Jean Dubuffet met them in 1945 in the studio of the Japanese pedestal maker Inagaki. Fascinated by these strange creations with a striking family resemblance, he baptized them all “Barbus Müller”, probably after the beard that certain pieces sport and the name of Josef Müller, who had acquired the greatest number of them.
Dubuffet published them in a small leaflet containing the founding text on his concept of Art Brut (reissued as an insert in the exhibition catalogue). He also organized an exhibition in 1947 at the Foyer de l’Art Brut in Paris.
Nothing was known about these statues, al with less than 1 m height. When Josef Müller acquired them, they were described as “Celtic heads in stone, Vendée”, but various provenances were attributed to them over time, including the Americas and Oceania.
The riddle now appears to be solved. Thanks to a detailed study conducted by Bruno Montpied, a writer, painter, filmmaker, researcher, and emissary of Art Brut and spontaneous arts, the identity of the sculptor has been revealed (for some of these Barbus Müller, at least): They are the work of a peasant-artist named Antoine Rabany (1844–1919). In 1907, he stared as a self-taught sculptor, maybe inspired by art he had seen during his military service in North Africa or by the figures at a cemetery chapel in the Auvergne close to where he lived. Between 1907 and 1919, he may have created about 50 works.

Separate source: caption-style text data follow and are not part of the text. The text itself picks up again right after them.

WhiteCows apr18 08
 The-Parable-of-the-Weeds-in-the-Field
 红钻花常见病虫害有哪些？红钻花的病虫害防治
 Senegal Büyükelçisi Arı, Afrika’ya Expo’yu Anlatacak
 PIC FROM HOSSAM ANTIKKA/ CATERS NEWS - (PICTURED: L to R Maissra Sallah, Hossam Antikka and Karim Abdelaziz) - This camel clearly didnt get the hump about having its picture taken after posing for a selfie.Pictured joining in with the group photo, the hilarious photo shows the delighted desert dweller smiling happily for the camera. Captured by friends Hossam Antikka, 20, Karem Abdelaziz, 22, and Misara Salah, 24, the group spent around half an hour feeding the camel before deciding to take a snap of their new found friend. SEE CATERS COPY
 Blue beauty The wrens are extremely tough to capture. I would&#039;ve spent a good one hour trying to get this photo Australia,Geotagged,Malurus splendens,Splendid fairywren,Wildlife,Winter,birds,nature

The exhibition shows some twenty Barbus Müllers (not all of which are definitely by Rabany) from the museum’s collection and from private and public lenders. They are juxtaposed with works from faraway cultures to assess the resemblances and differences. Documented is also the investigation by Bruno Montpied.
From September 08, 2020, to February 28, 2021, the Musée d’ethnographie in Geneva hosts the exhibition “Jean Dubuffet, a barbarian in Europe”. Its focus will be on the Dubuffet’s visit to post-war Switzerland, a decisive journey in defining his idea of the “Art Brut”.